Note regarding certain references in this Quarterly Report on Form 10-Q
Unless otherwise stated or the context indicates otherwise, all references herein to “Apellis,” “Apellis Pharmaceuticals, Inc.,” “we,” “us,” “our,” “our company,” “the Company” and similar references refer to Apellis Pharmaceuticals, Inc. and its wholly owned subsidiaries.

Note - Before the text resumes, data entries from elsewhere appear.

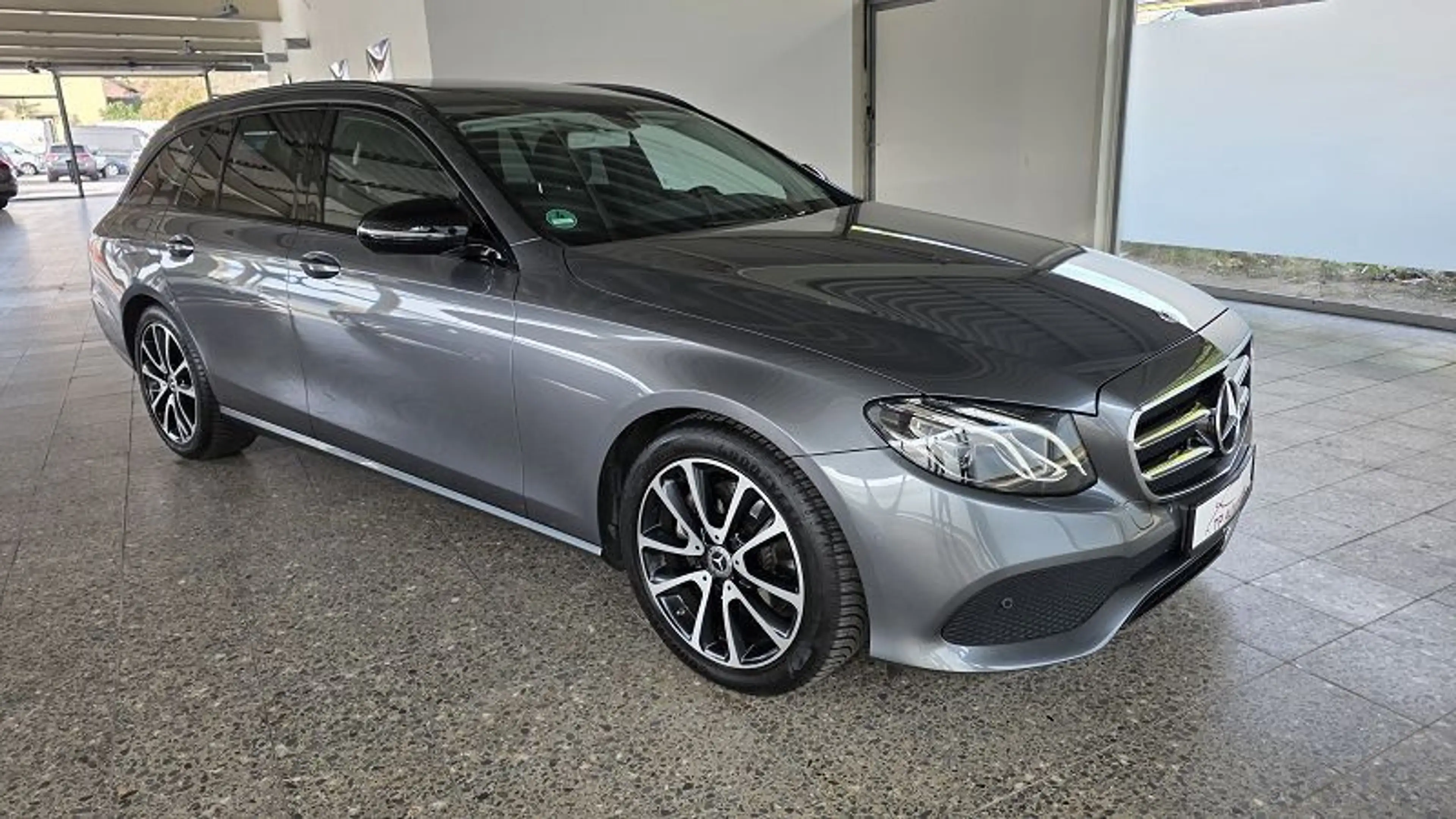 Mercedes-Benz E 220 LED*Nav*ESD*SH*Park+Kam*Tot*AHK*Night — photo 3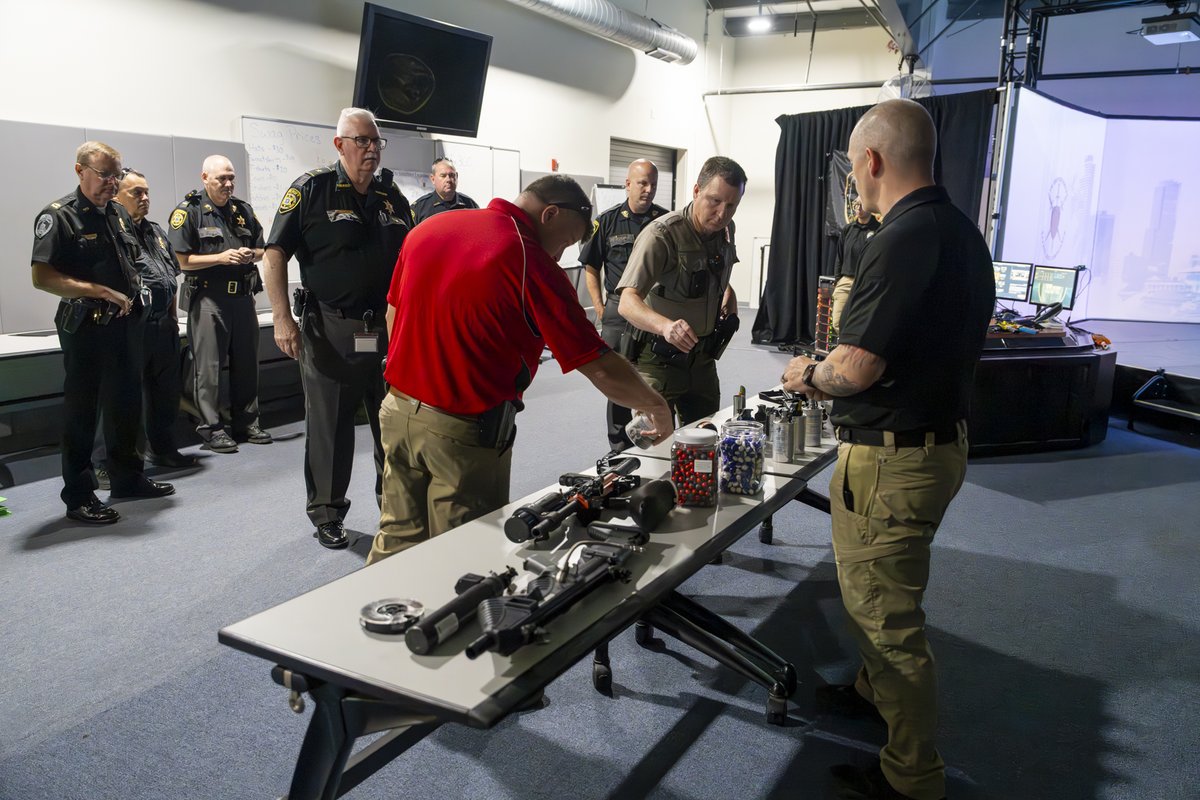 CBPLESCXD's tweet image. Last week we hosted a local law enforcement leadership meeting to introduce the leadership of these surrounding agencies to the operations of the LESC. #LearnAboutLESC
@CBP @NatlParkService @WVBerkCoSheriff @LoudounSheriff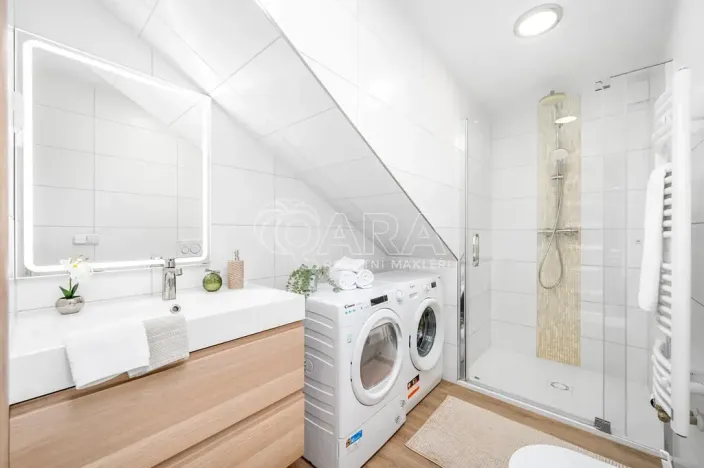 Pronájem bytu 1+kk, Praha - Hlubočepy, Pod Žvahovem, 47 m2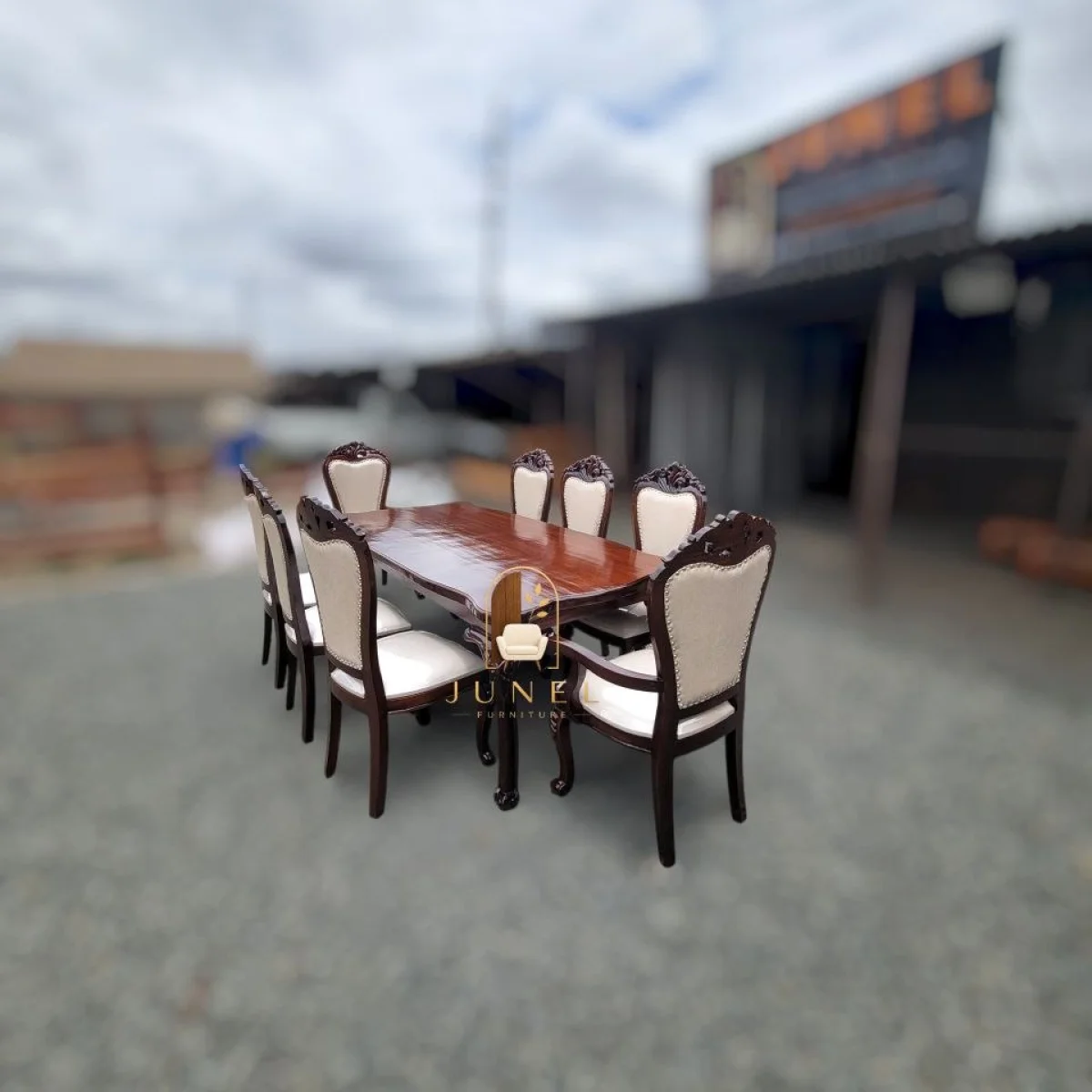 Royal Windsor 8-Seater Dining Set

In addition, unless otherwise stated or the context indicates otherwise, all references in this Quarterly Report on Form 10-Q to “EMPAVELI (pegcetacoplan)” and “EMPAVELI” refer to pegcetacoplan in the context of the commercially available product in the United States for the treatment of adults with paroxysmal nocturnal hemoglobinuria, or PNH, and references to Aspaveli refer to systemic pegcetacoplan in the context of the commercially available product in the European Union for the treatment of adults with PNH who are anemic after treatment with a C5 inhibitor for at least three months, in each case, as more fully described herein. Unless otherwise stated or the context indicates otherwise, all references in this Quarterly Report on Form 10-Q to “SYFOVRE (pegcetacoplan injection)” and “SYFOVRE” refer to intravitreal pegcetacoplan in the context of the commercially available product for which we received approval from the United States Food and Drug Administration in February 2023 for the treatment of geographic atrophy secondary to age-related macular degeneration. Unless otherwise stated or the context indicates otherwise, all references herein to “pegcetacoplan” refer to pegcetacoplan in the context of the product candidate for which we are exploring further applications and indications, as more fully described herein. The other trademarks, trade names and service marks appearing in this Quarterly Report on Form 10-Q are the property of their respective owners.
2
PART I—FINANCIAL INFORMATION
Item 1. Financial Statements.
APELLIS PHARMACEUTICALS, INC.
CONDENSED CONSOLIDATED BALANCE SHEETS
(Unaudited)
(Amounts in thousands, except per share amounts)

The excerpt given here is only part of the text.